Next generation terrestrial detectors

The Einstein Telescope is a new infrastructure for detecting gravitational waves in Europe and can be seen as the successor of Virgo. This new observatory  is being designed to be 10 times more sensitive than Virgo, aiming to detect nealy all the fusions of the black holes and neutron stars in the Universe.

Concept of the future Einstein Telescope © ET Collaboration

ET will probably have 10 km long arms in a triangular configuration and will implement new technologies, perfected over the years thanks to the experience of Virgo, such as the  active noise mitigation systems to reduce environmental perturbations. All of this will give Einstein Telescope a sensitivity much higher than that of its predecessors, therefore allowing it to explore the cosmos up to the up to the most remote eras of its evolution
The start of ET operation is planned by the end of the next decade.

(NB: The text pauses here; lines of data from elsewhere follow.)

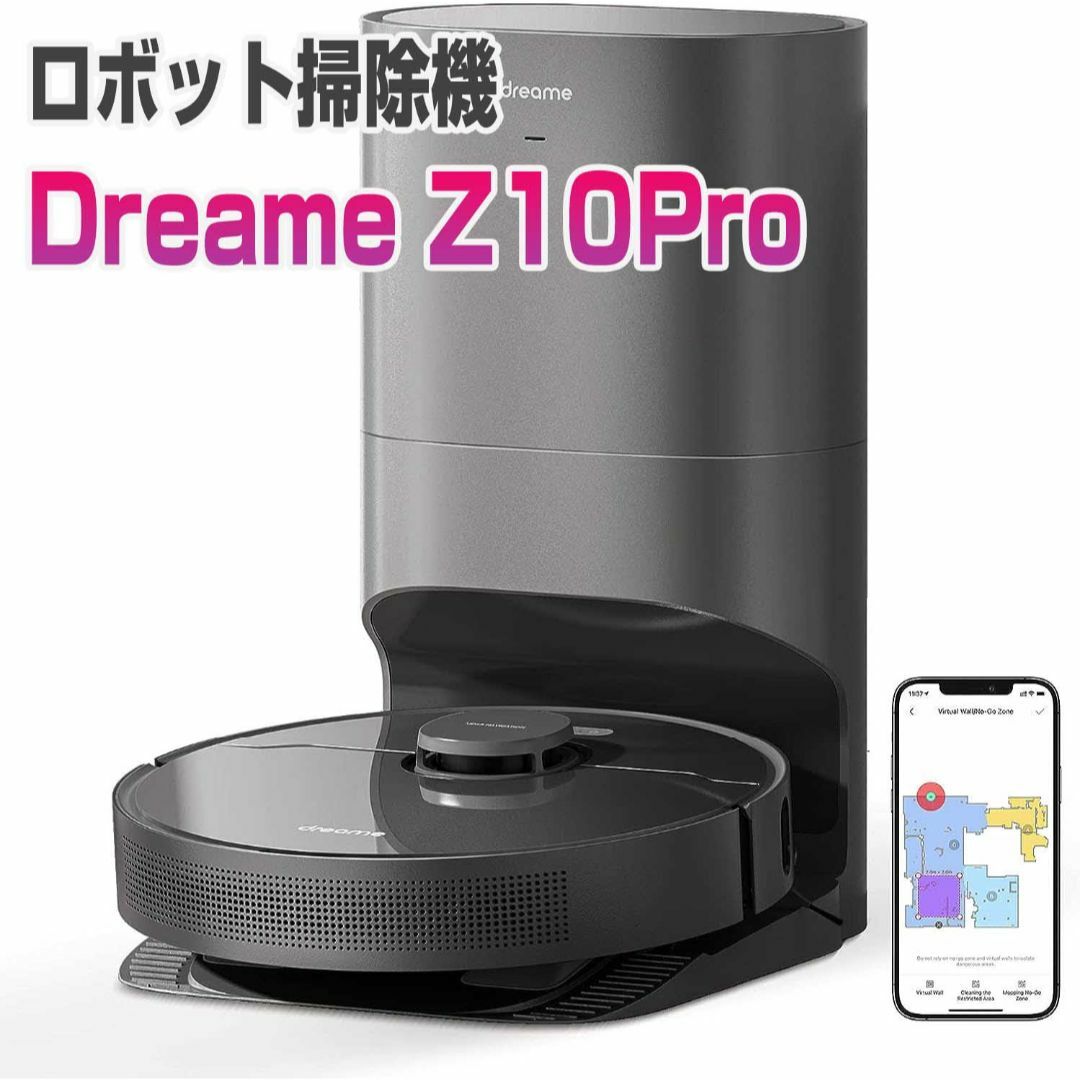 Dreame Z10Pro ロボット掃除機 レーザーナビ 3D高精度障害物検知 スマホ/家電/カメラの生活家電(掃除機)の商品写真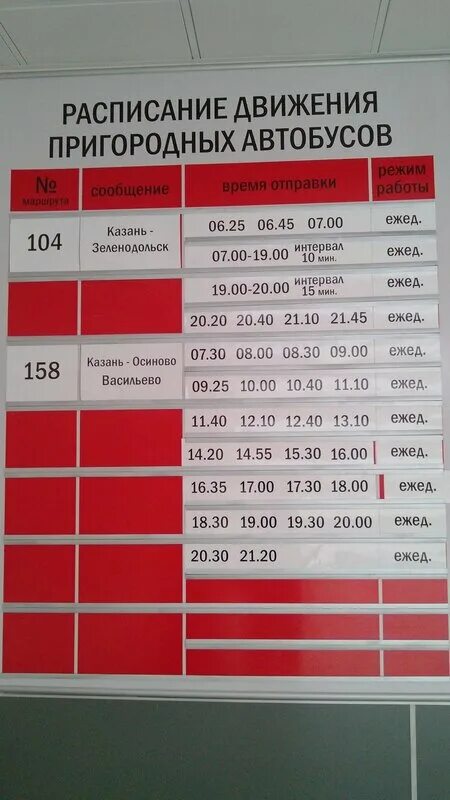 победа дискаунтер. магнит экстра балашов. режим работы магазина победа. приглашаем в новый магазин. режим работы магазина одежды.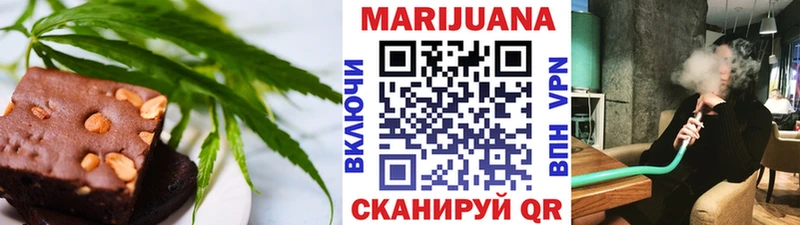 площадка телеграм  KRAKEN как войти  Canna-Cookies конопля  Чкаловск  где купить наркоту 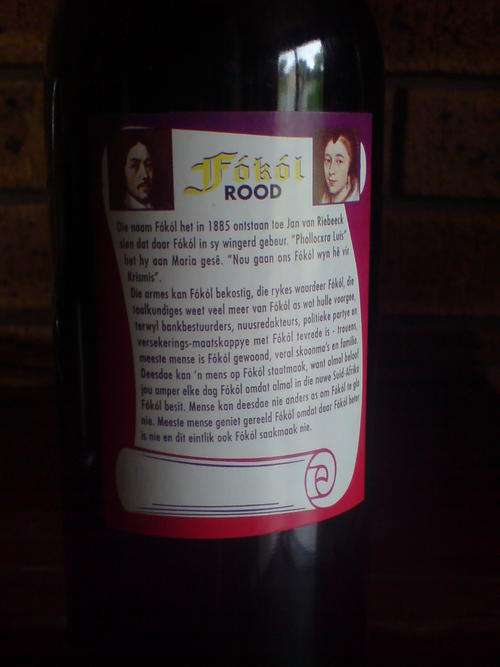 **1 x 6 bottles**FOKOL ROOD RED WINE**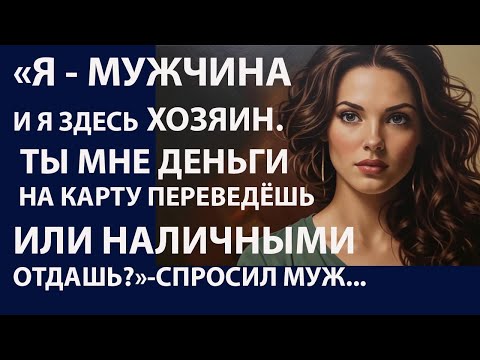 Видео: Истории из  жизни  Я мужчина и я здесь Аудио рассказы,  Жизненные истории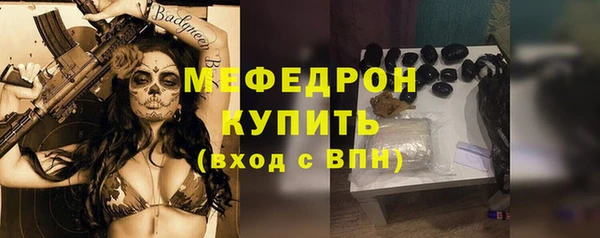 COCAINE Беломорск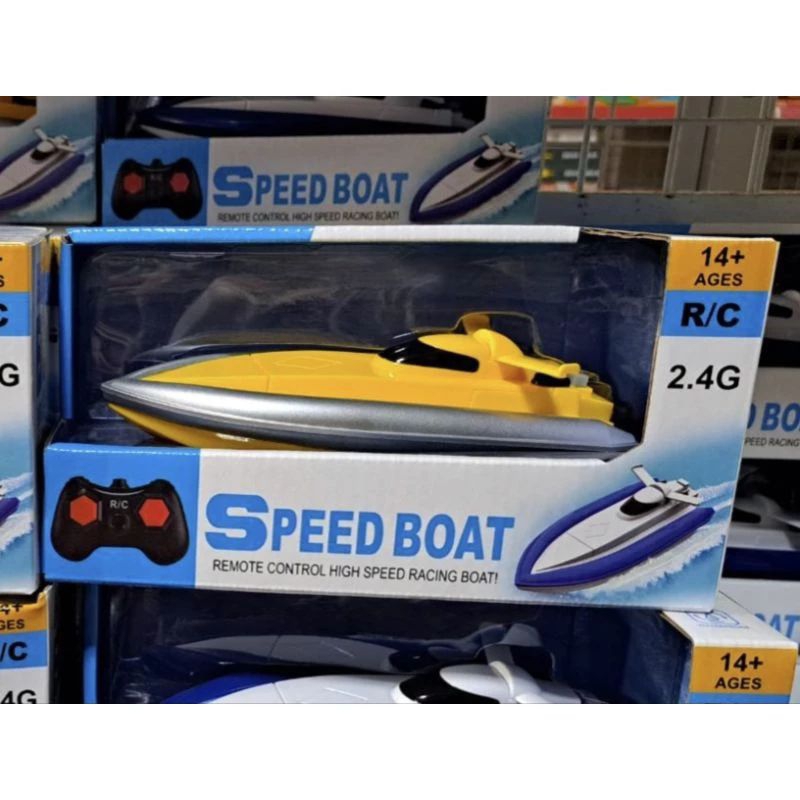 🛥️เรือบังคับ รถบังคับ SPEED BOAT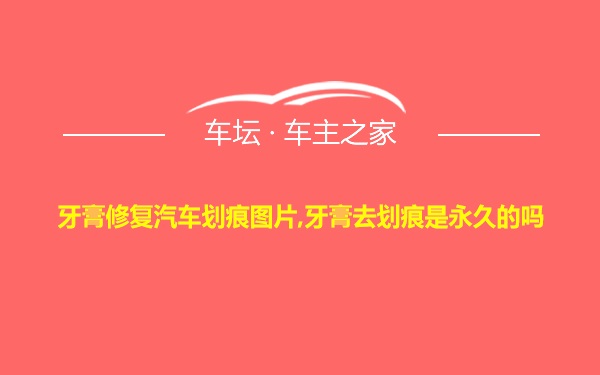 牙膏修复汽车划痕图片,牙膏去划痕是永久的吗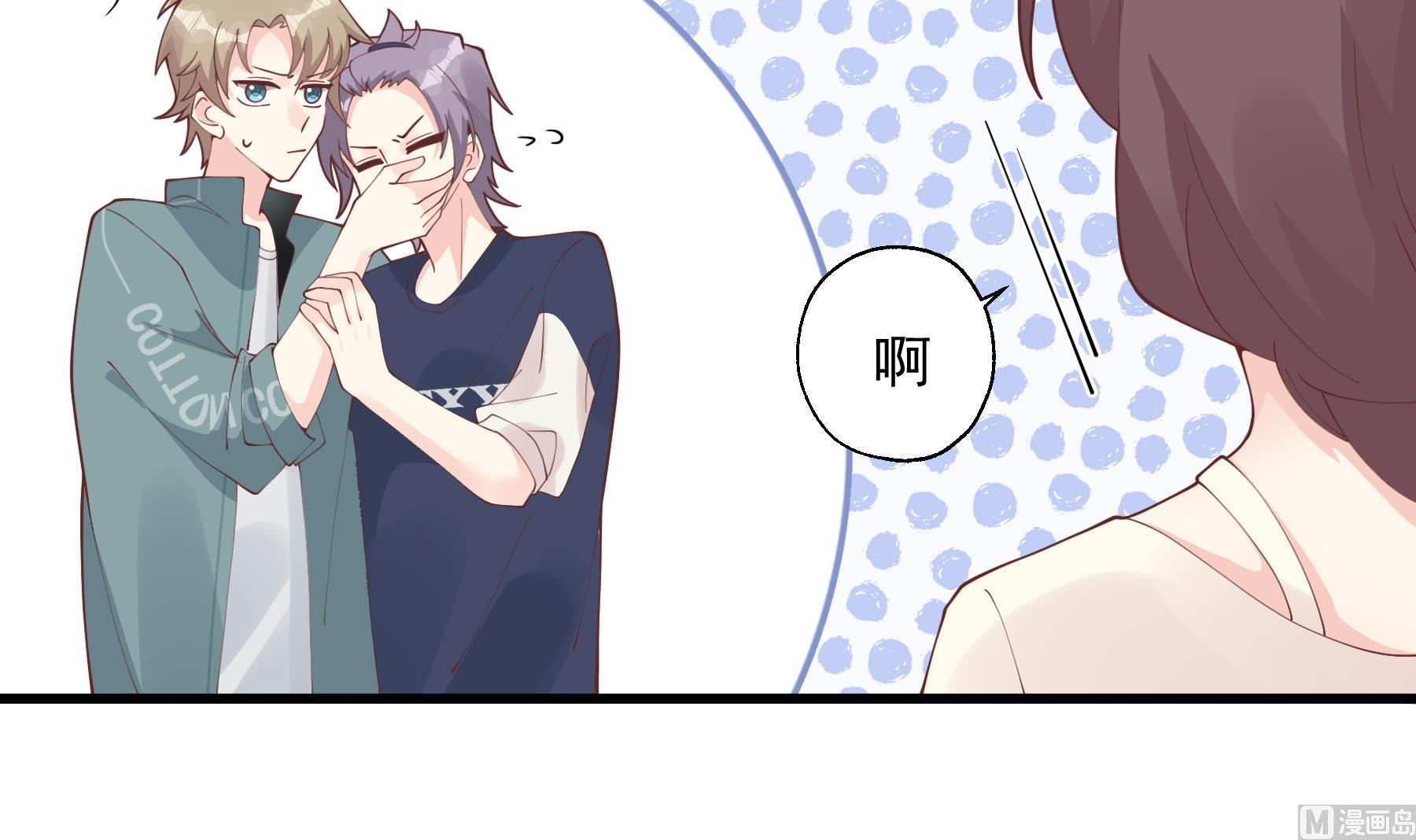 第43话 也挺可爱的(1/2)-第46话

The Einstein Telescope will have an US counterpart on the same timescale: Cosmic Explorer. It will also be a new infrastructure with 40 km-long arms, sharing  the same science goals than ET.

Space missions

Detecting and studying GWs from much heavier sources (such as supermassive black holes) require to be sensitive to much lower frequencies (below the Hertz), something that is impossible for ground-based detectors which, in spite of their careful design and construction, are blinded by the residual seismic noise that their suspensions cannot filter out. The solution to this problem is to go to space: the LISA (Laser Interferometer Space Antenna) project is currently in preparation and its current launch date is around 2037. The LISA detector will be made of three spacecrafts, forming an equilateral triangle and located about 2.5 million kilometers apart. They will exchange laser beam which will sense along their pathlow-frequency changes in the spacetime due to GWs. 

Other space projects, such as DECIGO or TianQin, are also under consideration. The distance between satellites would be smaller to cover the frequency gap between LISA and ground based laser interferometers.

Pulsar timing array

Pulsars are rotating compact stars emitting a radio wave signal at a very regular pace. They can be seen as cosmic clocks. By studying the arrival time of the radio pulses on Earth over several years, one can detect any perturbations due to passing ultra-low frequency GW. Several groups have joined their effort under the International Pulsar Timing Array collaboration with some scientific results already published albeit without claim of a direct detection.